My expectation is that:

1: people will use ChatGPT to write their formal emails based on a casually written text 2: people will use ChatGPT to convert their emails from formal text to summaries\ 3: this will get automated by email providers 4: eventually the automation will be removed and we'll just talk in plain language again

  • I do #1 and it's great. I'm not sure why folks in this thread are sneering at what is a working English transpiler. I don't get to choose having to write formally at work sometimes but I can control how I deal with it.

You can run it through AI to summarize it down to a sentence or two. It's like the telephone game but with computers.

  • I'll buy the AI LLM that finds the prompt that was used based on the output, and replaces posts and emails by their prompt so I can actually understand the intention of the author and not spend my whole afternoon going through all bullet points with highly redundant information.

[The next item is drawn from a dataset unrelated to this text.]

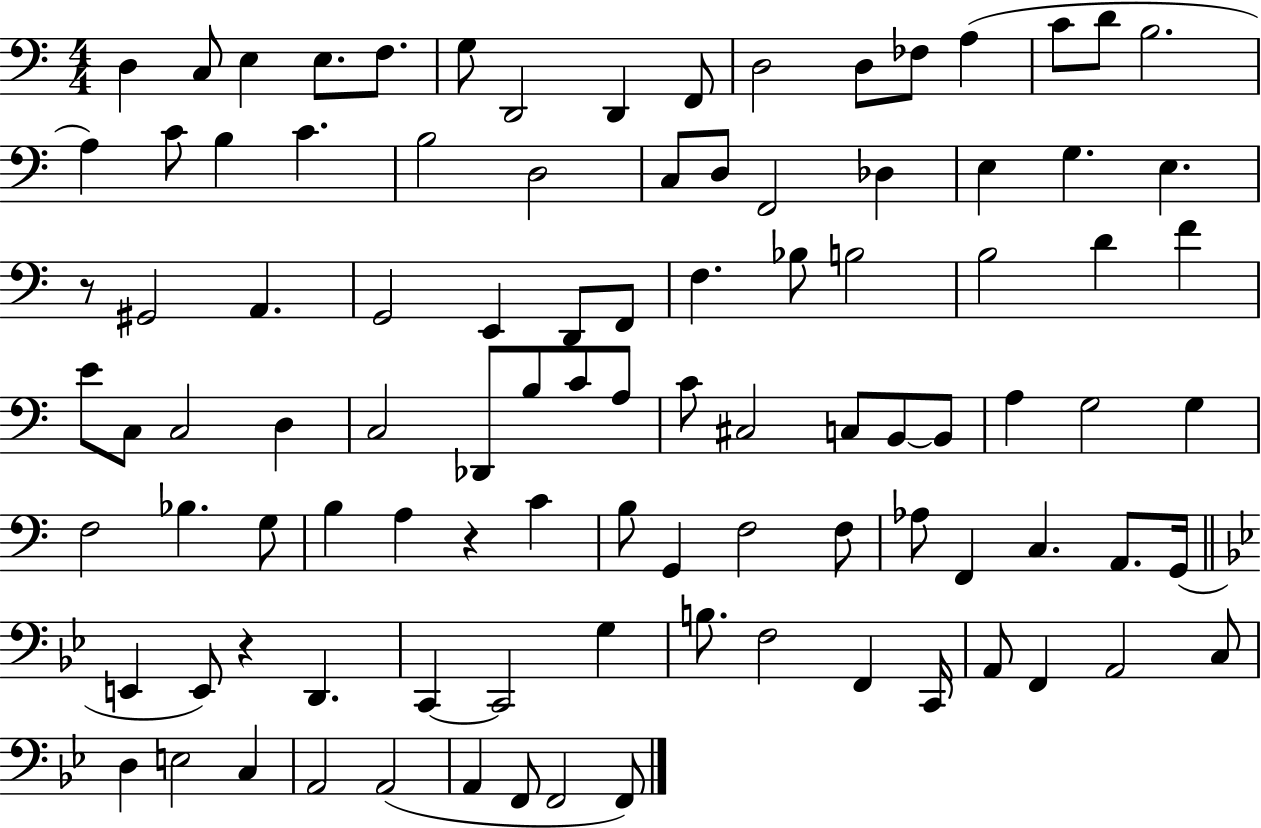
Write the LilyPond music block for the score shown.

    /s, of course, but not that unrealistic.

    • Not that /s, really. If you think about it, what a person writing a long-winded e-mail full of redundant text is doing, is the same work LLM is - they have a prompt in their mind, and they're generating text that "sounds nice" out of it.

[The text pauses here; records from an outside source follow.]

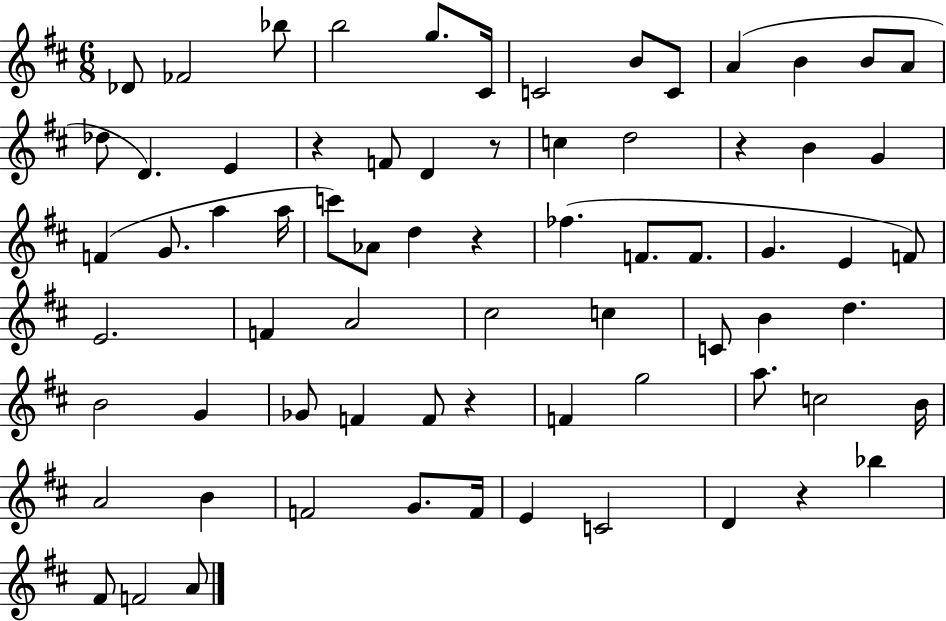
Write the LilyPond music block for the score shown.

{
  \clef treble
  \numericTimeSignature
  \time 6/8
  \key d \major
  des'8 fes'2 bes''8 | b''2 g''8. cis'16 | c'2 b'8 c'8 | a'4( b'4 b'8 a'8 | \break des''8 d'4.) e'4 | r4 f'8 d'4 r8 | c''4 d''2 | r4 b'4 g'4 | \break f'4( g'8. a''4 a''16 | c'''8) aes'8 d''4 r4 | fes''4.( f'8. f'8. | g'4. e'4 f'8) | \break e'2. | f'4 a'2 | cis''2 c''4 | c'8 b'4 d''4. | \break b'2 g'4 | ges'8 f'4 f'8 r4 | f'4 g''2 | a''8. c''2 b'16 | \break a'2 b'4 | f'2 g'8. f'16 | e'4 c'2 | d'4 r4 bes''4 | \break fis'8 f'2 a'8 | \bar "|."
}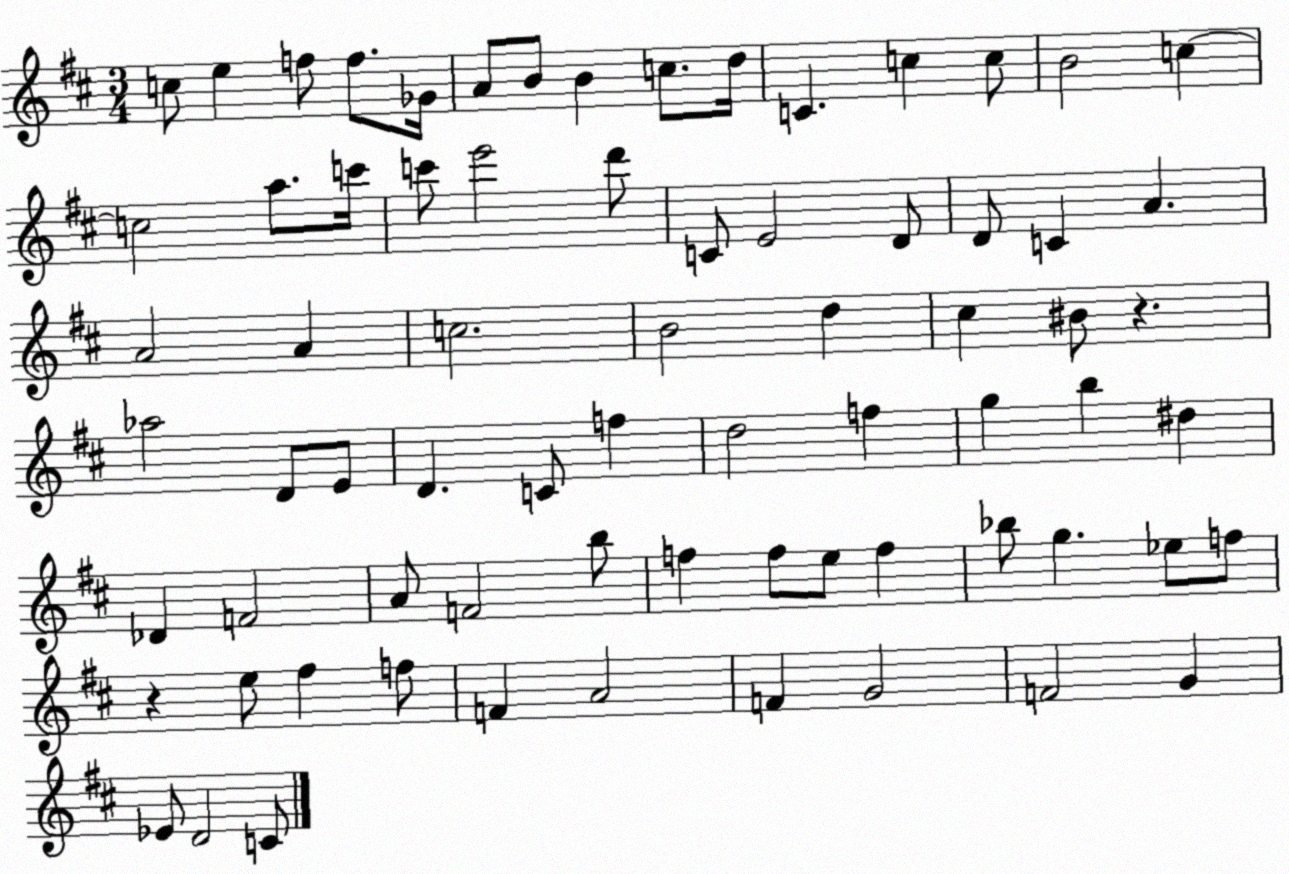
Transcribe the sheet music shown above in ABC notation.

X:1
T:Untitled
M:3/4
L:1/4
K:D
c/2 e f/2 f/2 _G/4 A/2 B/2 B c/2 d/4 C c c/2 B2 c c2 a/2 c'/4 c'/2 e'2 d'/2 C/2 E2 D/2 D/2 C A A2 A c2 B2 d ^c ^B/2 z _a2 D/2 E/2 D C/2 f d2 f g b ^d _D F2 A/2 F2 b/2 f f/2 e/2 f _b/2 g _e/2 f/2 z e/2 ^f f/2 F A2 F G2 F2 G _E/2 D2 C/2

      AI or not, it would be better if they just sent their prompt instead.

    • If you don't have the original input, how would you determine the prompt that was used to generate the output?

  • Then why did you even write more than two sentences in the first place, if nothing else matters? Why didn't you write a summary-line at the beginning, consisting of two sentences?

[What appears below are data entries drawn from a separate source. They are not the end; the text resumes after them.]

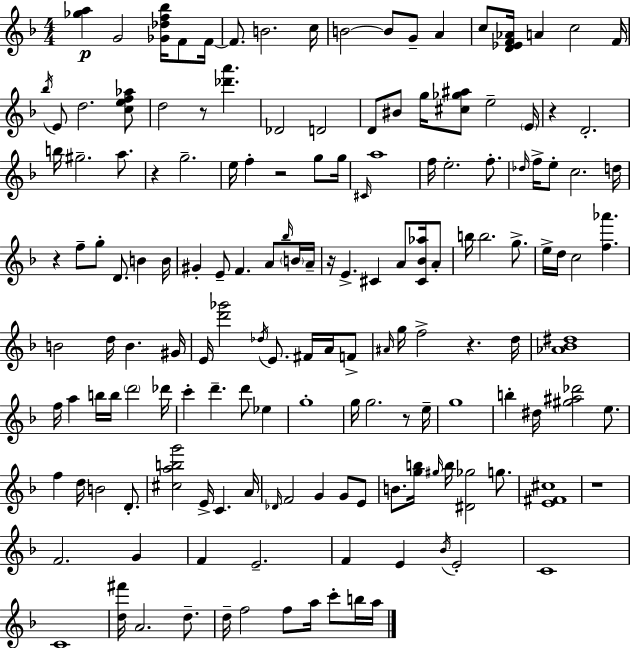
X:1
T:Untitled
M:4/4
L:1/4
K:F
[_ga] G2 [_G_df_b]/4 F/2 F/4 F/2 B2 c/4 B2 B/2 G/2 A c/2 [D_EF_A]/4 A c2 F/4 _b/4 E/2 d2 [cef_a]/2 d2 z/2 [_d'a'] _D2 D2 D/2 ^B/2 g/4 [^c_g^a]/2 e2 E/4 z D2 b/4 ^g2 a/2 z g2 e/4 f z2 g/2 g/4 ^C/4 a4 f/4 e2 f/2 _d/4 f/4 e/2 c2 d/4 z f/2 g/2 D/2 B B/4 ^G E/2 F A/2 _b/4 B/4 A/4 z/4 E ^C A/2 [^C_B_a]/4 A/2 b/4 b2 g/2 e/4 d/4 c2 [f_a'] B2 d/4 B ^G/4 E/4 [d'_g']2 _d/4 E/2 ^F/4 A/4 F/2 ^A/4 g/4 f2 z d/4 [_A_B^d]4 f/4 a b/4 b/4 d'2 _d'/4 c' d' d'/2 _e g4 g/4 g2 z/2 e/4 g4 b ^d/4 [^g^a_d']2 e/2 f d/4 B2 D/2 [^cabg']2 E/4 C A/4 _D/4 F2 G G/2 E/2 B/2 [gb]/4 ^g/4 b/4 [^D_g]2 g/2 [E^F^c]4 z4 F2 G F E2 F E _B/4 E2 C4 C4 [d^f']/4 A2 d/2 d/4 f2 f/2 a/4 c'/2 b/4 a/4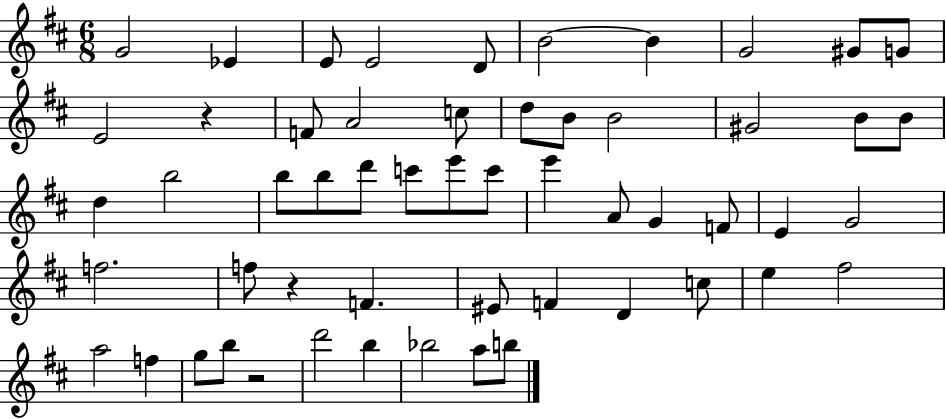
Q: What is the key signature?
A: D major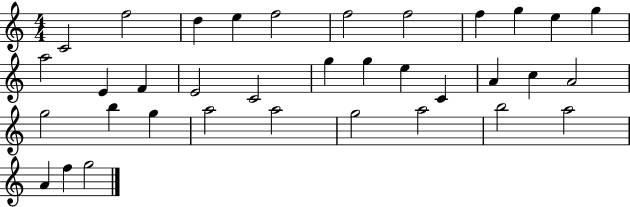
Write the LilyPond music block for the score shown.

{
  \clef treble
  \numericTimeSignature
  \time 4/4
  \key c \major
  c'2 f''2 | d''4 e''4 f''2 | f''2 f''2 | f''4 g''4 e''4 g''4 | \break a''2 e'4 f'4 | e'2 c'2 | g''4 g''4 e''4 c'4 | a'4 c''4 a'2 | \break g''2 b''4 g''4 | a''2 a''2 | g''2 a''2 | b''2 a''2 | \break a'4 f''4 g''2 | \bar "|."
}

    AI will not replace human thinking, even though many people seem to believe and put their brain on stand-by.

    It feels like someone wants to transport water from A to B and transports it as steam, just because _we can _.

    • This is the really hilarious ‘engineer thinking’ vs ‘normie’ thinking difference which rears its head sometimes.

      after all, what’s the point of a giving someone a bunch of cheap flashy gifts for Christmas (instead of say, socks) either?

      As long as we can all pretend they were thoughtful and meaningful, and someone isn’t using AI when making it (or just picking random crap off the shelf, and they removed the price tags) or using AI when reading it (aka making a big show of opening it, and then throwing them in the trash immediately after the person leaves), then we all get along. It even looks like we’re doing a ton of work/spending a ton of money to make the other person happy.

      Not that anyone does any of the things I’m describing, just being hypothetical, obviously.

      I suspect it will be obvious enough shortly it will go the way of the ‘popcorn bucket’ fad or the like, but for now…

      8 replies →

    • If AI doesn’t replace human thinking, we will have to find something else that does, or just go without.